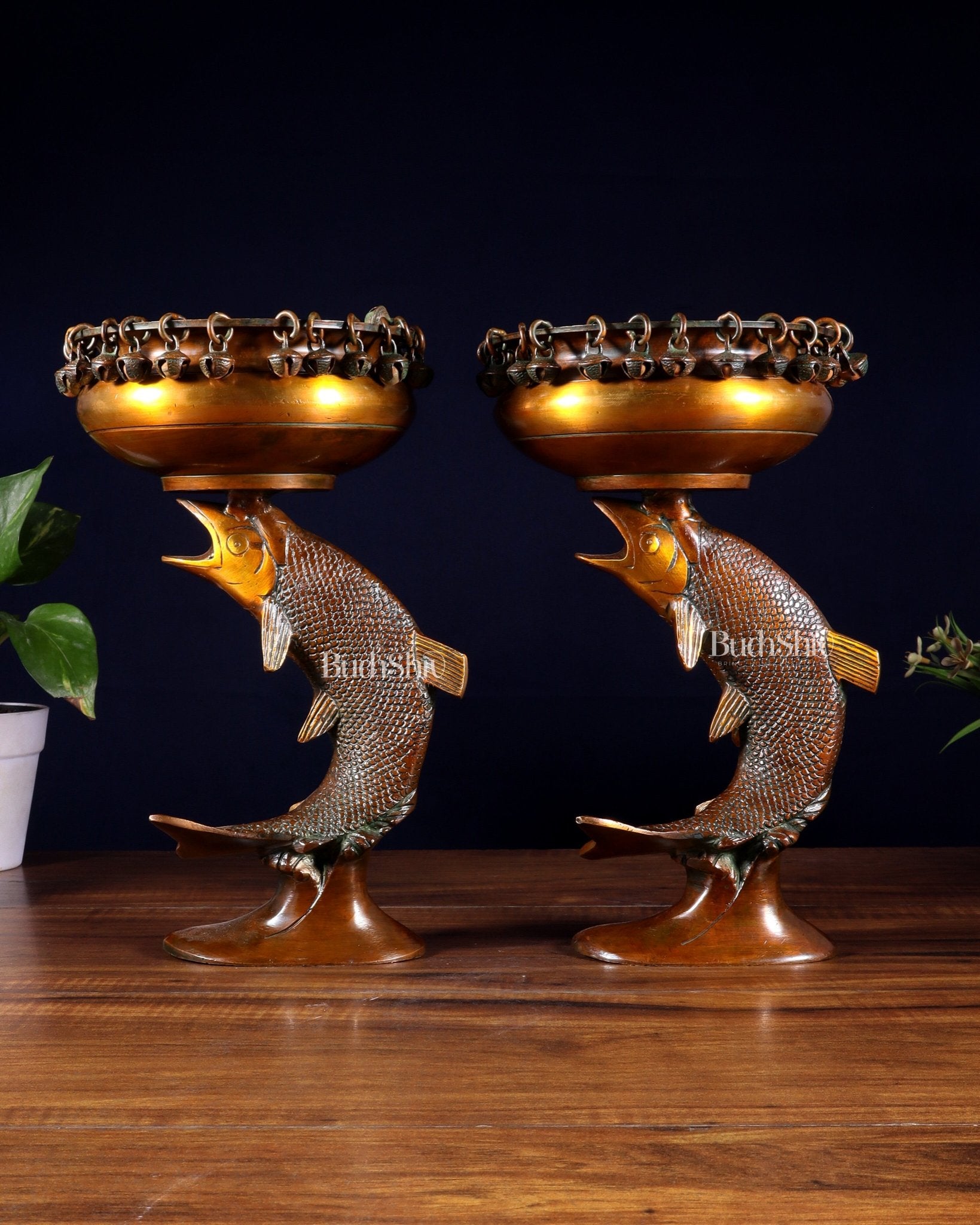 Pair of Designer Brass Jumping Dolphin Urli Bowls with Ghungroos | Festive Décor & Auspicious Gifting - Budhshiv.com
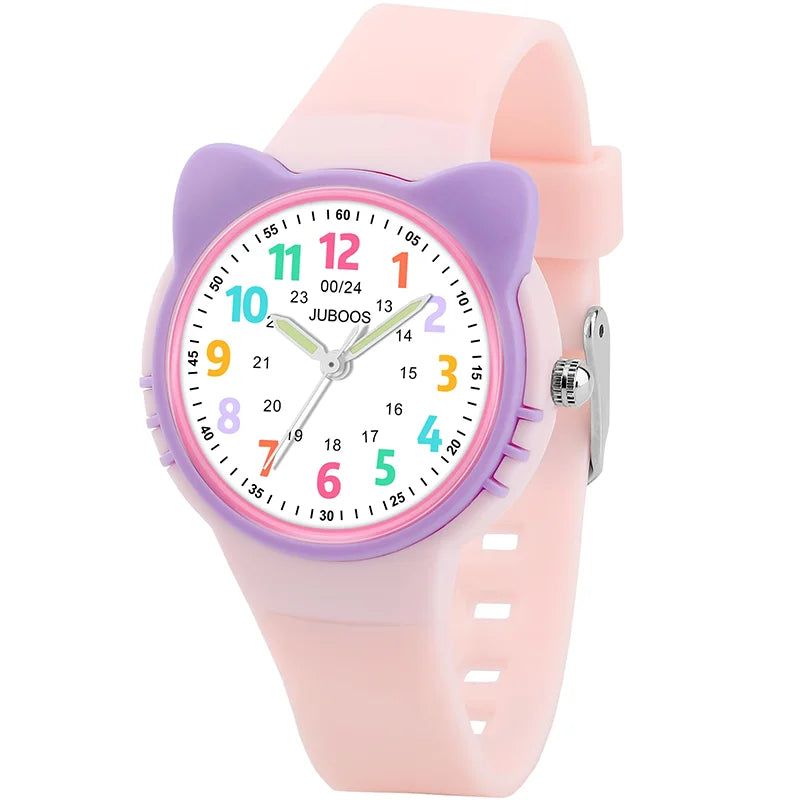 Kids Analog Learning Watch for Boys and Girls - Easy-to-Read 3ATM Waterproof Quartz Wristwatch for Ages 3–12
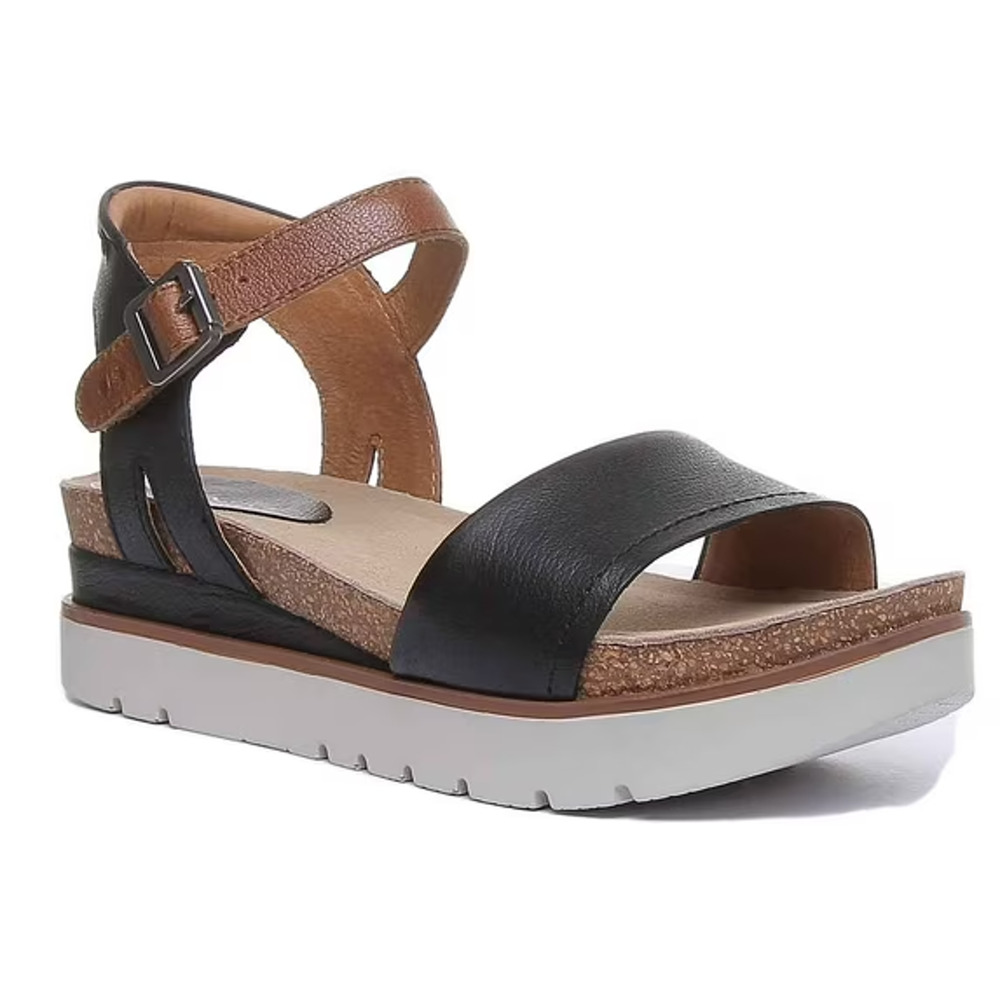 Josef Seibel Clea 1 Sandals Size 41 US 10 10.5 Black Leather Cork Open Toe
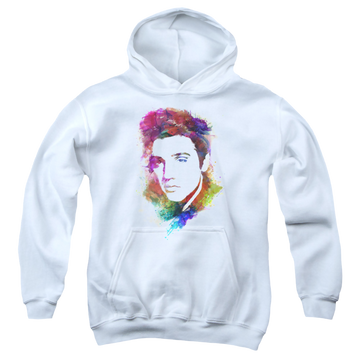 White youth hoodie for ages 8 to 12 with Elvis Presley Watercolor King graphic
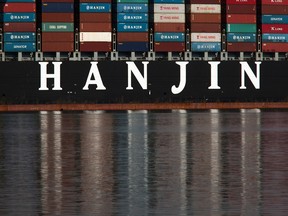 The Hanjin Greece container ship is docked for unloading at the Port of Long Beach after being stranded at sea for more than a week for fear that it could be seized by creditors if it came to shore on September 10, 2016 in Long Beach, California. A Hanjin Shipping spokesman said a US court had issued an order allowing it to unload some cargo without fear of creditors seizing its ships. As of late September 9, 92 of 141 ships being operated by the world's seventh largest shipping firm were stranded at sea.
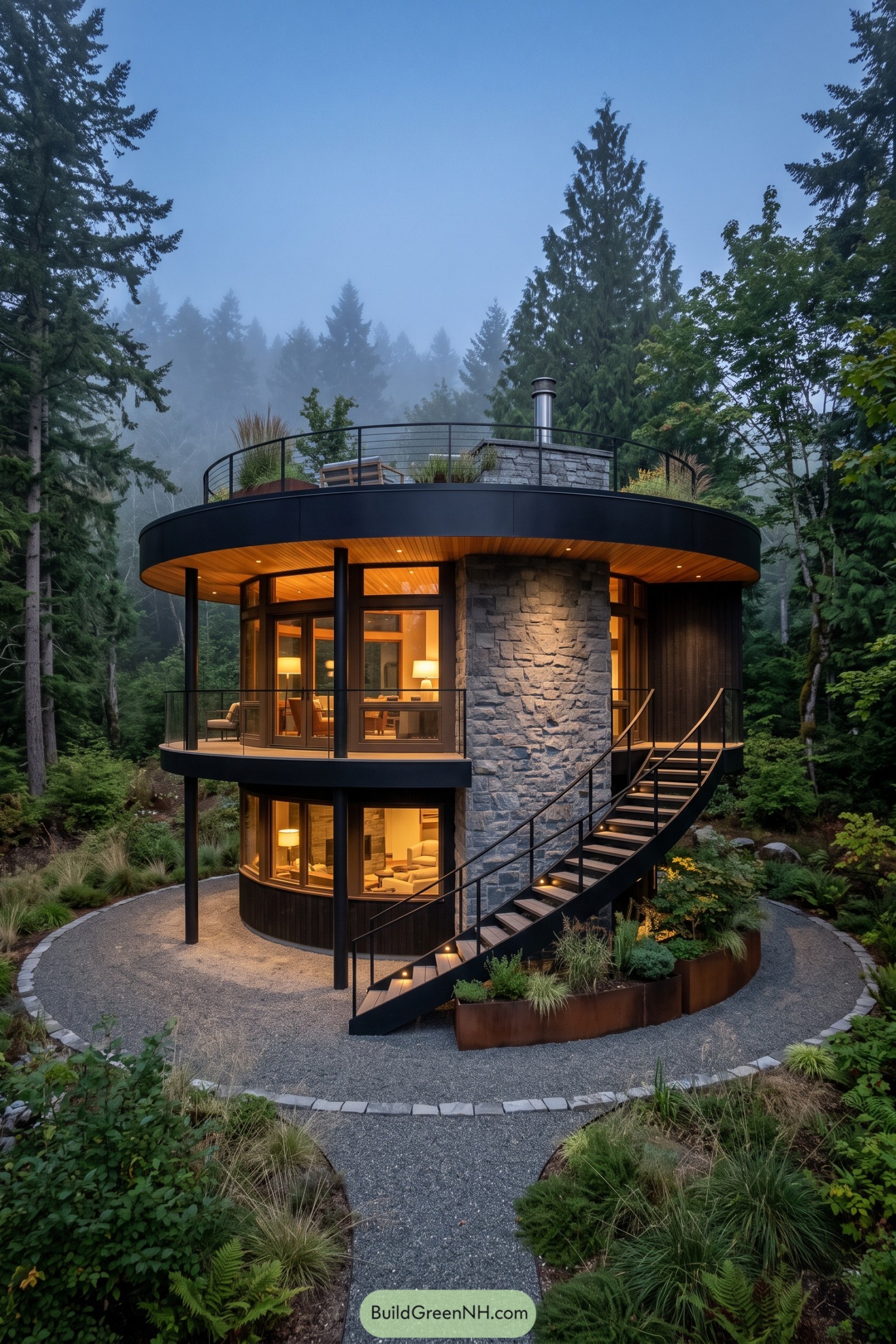 Round forest home with a stone core and curved stair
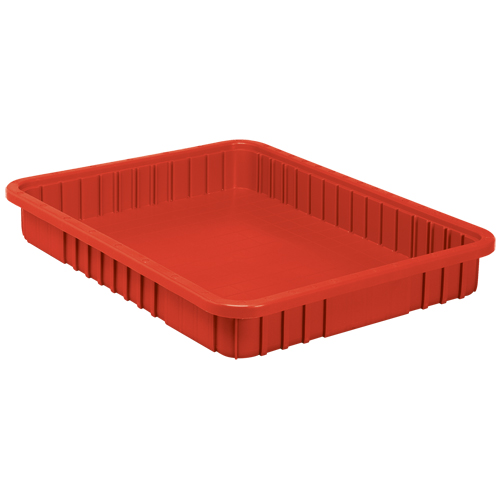 Divider Box&reg; Containers, Plastic, 22.5" W x 17.5" D x 3" H, Red Absolute Business Supply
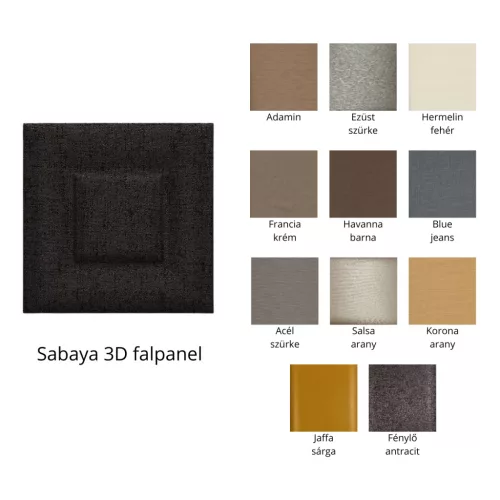 Sabaya 3D falpanel 40x40cm - többféle színben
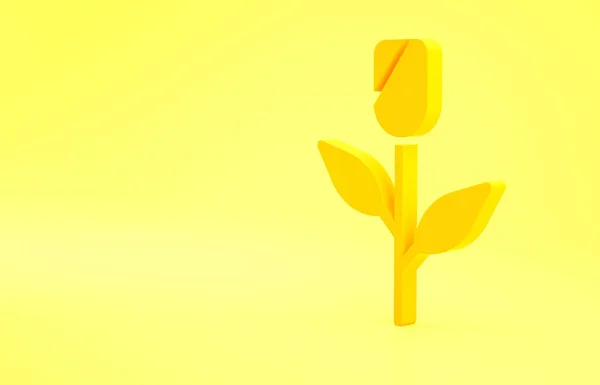 Yellow Flower Rose Icon Isolated Yellow Background Minimalism Concept Illustration — Stock Photo, Image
* * * *
Every line between the start of the listing and the line containing "Absolute Business Supply", both ends counted, needs to be printed exactly, minus the pictures.

 Pair of Designer Brass Jumping Dolphin Urli Bowls with Ghungroos | Festive Décor & Auspicious Gifting - Budhshiv.com
 Kids Analog Learning Watch for Boys and Girls - Easy-to-Read 3ATM Waterproof Quartz Wristwatch for Ages 3–12
 Josef Seibel Clea 1 Sandals Size 41 US 10 10.5 Black Leather Cork Open Toe
 White youth hoodie for ages 8 to 12 with Elvis Presley Watercolor King graphic
 The Hanjin Greece container ship is docked for unloading at the Port of Long Beach after being stranded at sea for more than a week for fear that it could be seized by creditors if it came to shore on September 10, 2016 in Long Beach, California. A Hanjin Shipping spokesman said a US court had issued an order allowing it to unload some cargo without fear of creditors seizing its ships. As of late September 9, 92 of 141 ships being operated by the world's seventh largest shipping firm were stranded at sea.
 Round forest home with a stone core and curved stair
 Divider Box&reg; Containers, Plastic, 22.5" W x 17.5" D x 3" H, Red Absolute Business Supply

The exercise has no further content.